In Alcantara v. Hespe, the state asked the judge to dismiss a case in which parents of both private and public school students in Lakewood claimed that the funding formula known as the School Funding Reform Act (SFRA) does not provide enough funds to provide a thorough and efficient education to Lakewood students.
Specifically, the parents alleged that the SFRA does not take into account the extraordinary costs that Lakewood incurs to provide transportation and special education services to its nonpublic school students. Lakewood has 31,000 nonpublic school students, and the costs to provide services to them take away from the money available to the district’s 6,000 public school students, the lawsuit argues.

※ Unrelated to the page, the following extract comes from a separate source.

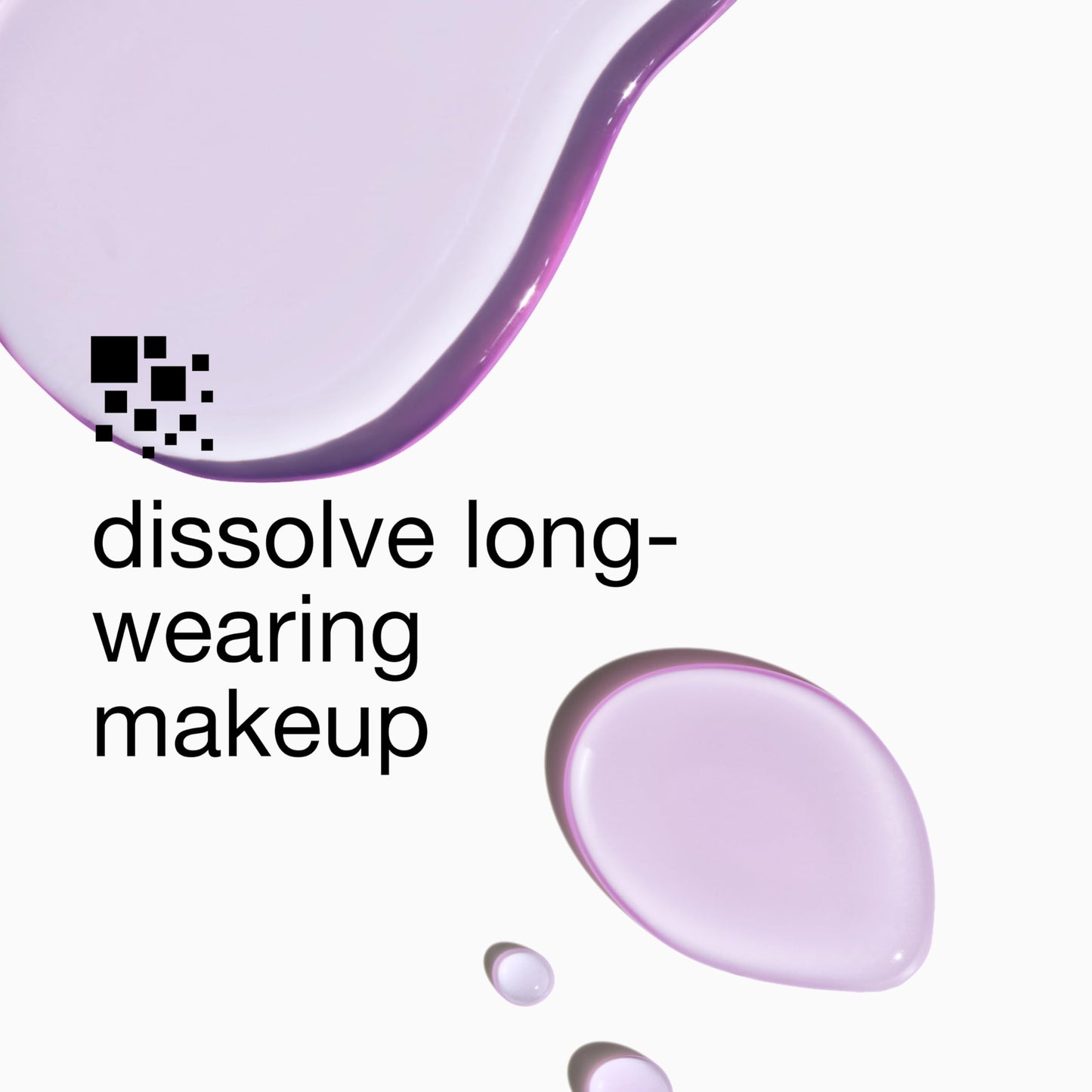 Ophthalmologist tested eye makeup remover liquid showing the dual phase formulation inside the bottle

In its motion, the state said the case should be dismissed because the district had sufficient funds for the 2017-2018 school year, which included an advance on state aid, to provide services to students.
Further, Lakewood was implementing its curriculum in accordance with the Student Learning Standards (NJSLS). The state claimed Lakewood provides not only basic skills and requirements, but also access to vocational education, technology, and the arts. Additionally, test scores and graduation rates in the district were improving.
However, Judge Susan Scarola determined that after considering the testimony presented by petitioners, the state’s motion for involuntary dismissal must be denied. She found that evidence presented by the parents could show Lakewood cannot provide a thorough and efficient education with the level of funding it receives under SFRA and that, as a result, SFRA could be unconstitutional as applied to the district.
She ordered the state to move forward with its defense of the suit filed by the parents.